**EXERCISE**
Your answer must consist of the lines running from the one that holds "OPEN MISCELLANEOUS // DAY DRESSES C_DIZZIANO" to the end of the data, copied exactly.

**INPUT DATA**
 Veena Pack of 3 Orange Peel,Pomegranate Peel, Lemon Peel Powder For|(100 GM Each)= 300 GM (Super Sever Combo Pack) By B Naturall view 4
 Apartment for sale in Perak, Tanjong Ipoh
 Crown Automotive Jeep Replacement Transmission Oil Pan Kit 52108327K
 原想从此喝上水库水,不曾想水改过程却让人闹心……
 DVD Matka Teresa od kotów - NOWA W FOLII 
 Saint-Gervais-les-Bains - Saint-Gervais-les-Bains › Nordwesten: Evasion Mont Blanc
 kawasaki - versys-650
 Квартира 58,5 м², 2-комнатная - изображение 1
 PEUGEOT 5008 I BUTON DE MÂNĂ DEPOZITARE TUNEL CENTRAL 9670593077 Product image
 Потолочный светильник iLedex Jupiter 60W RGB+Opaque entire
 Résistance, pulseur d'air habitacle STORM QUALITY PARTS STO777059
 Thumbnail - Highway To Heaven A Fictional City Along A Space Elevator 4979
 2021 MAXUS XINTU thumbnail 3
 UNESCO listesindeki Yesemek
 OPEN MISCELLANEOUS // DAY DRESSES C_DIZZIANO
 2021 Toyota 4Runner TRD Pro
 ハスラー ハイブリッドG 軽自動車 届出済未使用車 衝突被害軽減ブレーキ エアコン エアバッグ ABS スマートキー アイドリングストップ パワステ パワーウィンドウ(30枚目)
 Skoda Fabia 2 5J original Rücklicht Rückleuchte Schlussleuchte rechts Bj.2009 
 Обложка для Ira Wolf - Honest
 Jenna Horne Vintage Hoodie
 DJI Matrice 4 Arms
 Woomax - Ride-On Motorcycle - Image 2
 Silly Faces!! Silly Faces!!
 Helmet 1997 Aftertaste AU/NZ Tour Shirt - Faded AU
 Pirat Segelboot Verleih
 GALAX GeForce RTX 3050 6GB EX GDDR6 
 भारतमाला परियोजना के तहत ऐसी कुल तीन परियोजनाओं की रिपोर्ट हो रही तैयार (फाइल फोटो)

**YOUR SOLUTION**
 OPEN MISCELLANEOUS // DAY DRESSES C_DIZZIANO
 2021 Toyota 4Runner TRD Pro
 ハスラー ハイブリッドG 軽自動車 届出済未使用車 衝突被害軽減ブレーキ エアコン エアバッグ ABS スマートキー アイドリングストップ パワステ パワーウィンドウ(30枚目)
 Skoda Fabia 2 5J original Rücklicht Rückleuchte Schlussleuchte rechts Bj.2009 
 Обложка для Ira Wolf - Honest
 Jenna Horne Vintage Hoodie
 DJI Matrice 4 Arms
 Woomax - Ride-On Motorcycle - Image 2
 Silly Faces!! Silly Faces!!
 Helmet 1997 Aftertaste AU/NZ Tour Shirt - Faded AU
 Pirat Segelboot Verleih
 GALAX GeForce RTX 3050 6GB EX GDDR6 
 भारतमाला परियोजना के तहत ऐसी कुल तीन परियोजनाओं की रिपोर्ट हो रही तैयार (फाइल फोटो)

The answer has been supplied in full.